In my previous post, we saw how to setup two CE devices and run a Bluetooth performance test. In this one, we’ll see how to process and analyze the log file generated on the DUT device. I will use Excel to perform some calculations on the data and to display a graph.
The first step is to use pparse.exe (available in CETK) to convert the log file to a comma delimited format:
D:\temp>pparse -c perf_bluetooth_NOPLAT_ARMV4I_VER5_1_204.LOG
Logging to csv files…
Creating output file perf_bluetooth_ARMV4I_SmartPhone_VER5.1.204.csv
Now open the .csv file in Excel. You will see this (I edited a bit to make shorter lines):
Bluetooth RFCOMM Connection Setup : (ms) 523 153
BT Data Xfer: Send BufSize = 16 bytes : (ms) 20003 18207
BT Data Xfer: Recv BufSize = 16 bytes : (ms) 54480 43345
BT Data Xfer: Send BufSize = 512 bytes : (ms) 4479 4725
BT Data Xfer: Recv BufSize = 512 bytes : (ms) 2848 2836
BT Data Xfer: Send BufSize = 1024 bytes : (ms) 4044 4318
BT Data Xfer: Recv BufSize = 1024 bytes : (ms) 2668 2806
BT Data Xfer: Send BufSize = 2048 bytes : (ms) 4168 4357
BT Data Xfer: Recv BufSize = 2048 bytes : (ms) 3055 4970
BT Data Xfer: Send BufSize = RANDOM bytes : (ms) 4195 4318
BT Data Xfer: Recv BufSize = RANDOM bytes : (ms) 2988 3004
Bluetooth RFCOMM Connection Teardown : (ms) 30 4
There is one row per basic operation. Each row contains multiple numeric values (one per iteration) where each numeric value is basically “the number of milliseconds it took to perform the operation in this iteration”. In this particular example, I ran 2 iterations, so we see 2 numeric columns in the log.
We can ignore the RFCOMM setup/teardown measurements for now because they are not relevant for throughput measurements.
How can we obtain results in kbps from this table? Let’s analyze the measurement for the first transfer operation, in the first iteration: “20003”. This number is telling us the following: “it took 20003 milliseconds to perform the operation of sending 163480 bytes in chunks of 16 bytes”. We can now type the following formula in another cell:
throughput = (163840 *8 /1000)/(C2/1000) = 66 kbits / sec
(163840*8/1000) = total number of transferred kbits
C2 = Excel cell where “20003” is located (it may be different in your spreadsheet)

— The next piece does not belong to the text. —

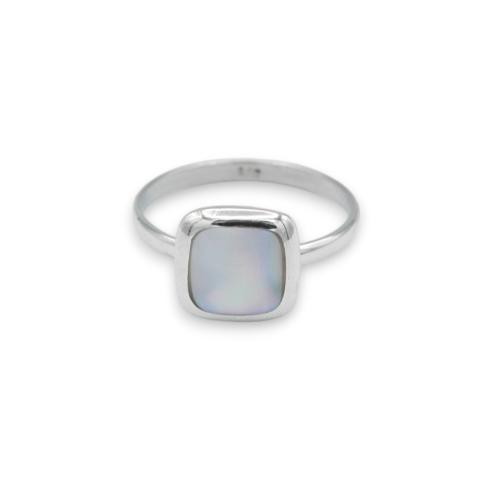 Modern square white mother-of-pearl ring in solid silver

(C2/1000)= (20003 / 10000) = 20.003 = elapsed time in seconds
At this point you can use your favorite mechanism in Excel to copy this formula over and over until you generate another table where measurements will be in kbps. Here it is (I also changed the operation names for convenience):
SND_16 66 72
RCV_16 24 30
SND_512 293 277
RCV_512 460 462
SND_1024 324 304
RCV_1024 491 467
SND_2048 314 301
RCV_2048 429 264
SND_RND 312 304
RCV_RND 439 436
And to better see what’s going on, we can use the data from the table to create a graph:
The operations are on the horizontal axis, and each line in the graph (called “series” here) correspond to a column in the source table. We can observe the following things:
– Throughput on both send and receive is very low when a 16 byte buffer is used. Bad choice of packet size is actually a very common reason for low performance in networking components.
– Average throughput for normal cases is around 400kbps, as can be expected for a non-EDR Bluetooth module such as the one I used.

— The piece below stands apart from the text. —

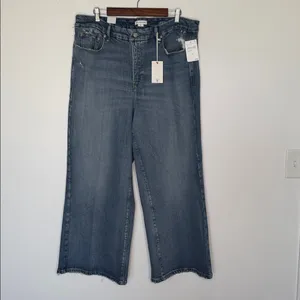 Good American Good Waist Palazzo Crop Jeans Size 22 Indigo Wide Leg NWT thumbnail 2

– In general, receive throughput appears to be higher than send. This is because in this case the DUT was the slave in the asymmetrical link, and forward rate is typically higher than reverse rate.
– The two iterations report very different measurements for RCV_2048. This may be a transient glitch caused by RF conditions, CPU usage, etc. As we run more iterations I expect all lines to be comparable.

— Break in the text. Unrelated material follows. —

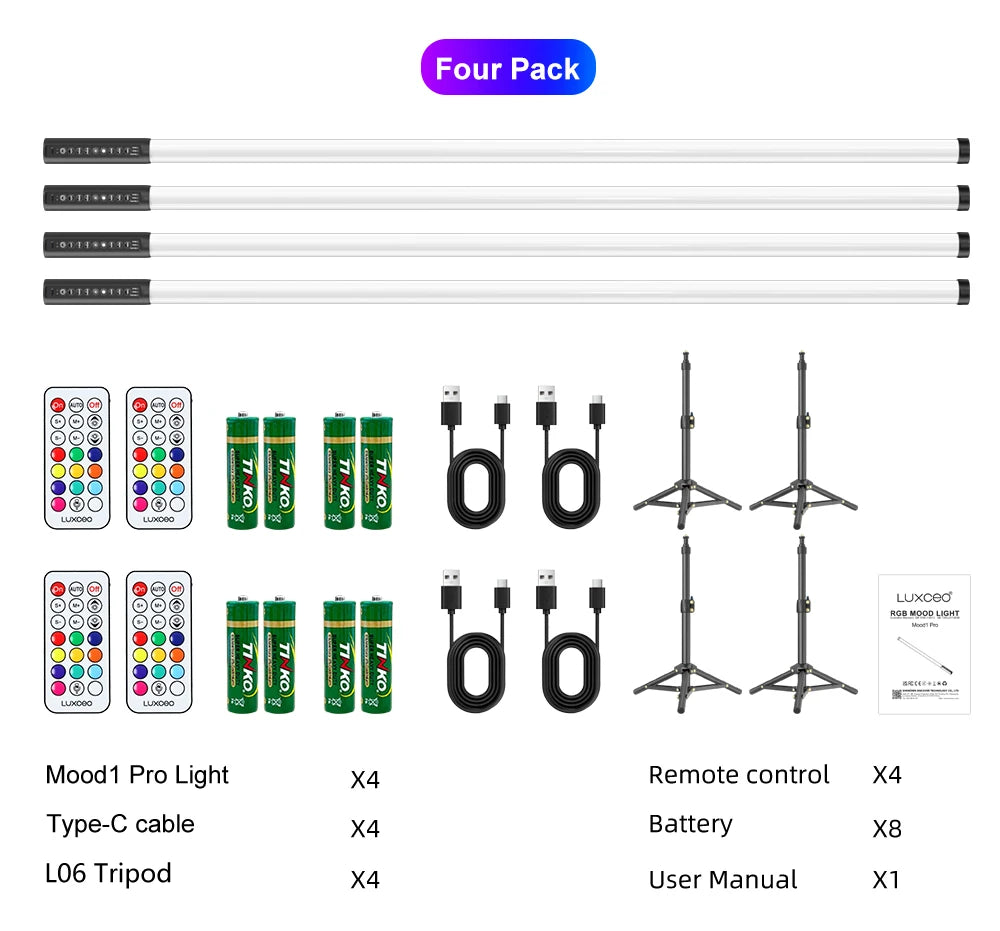 LUXCEO120cm Mood 1 Pro Music Sync RGB Light Bar with Remote, Rechargeable LED Lights for DJ,YouTube, Gaming Room, Party Decor.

The other interesting measurement in the Excel sheet is the connection setup/teardown time. We can see that connection time for the first iteration is around 500 msec. and < 200 msec. for subsequent iterations. This is because the first connection requires a baseband page and ACL link establishment, but the following ones reuse the established link. This data point is mostly informational for a transport driver developer, because nothing can be done at this level to improve it.
As a last comment, it’s worth mentioning that we can use the same data in Excel to calculate other performance metrics such as average throughput, standard deviation, etc.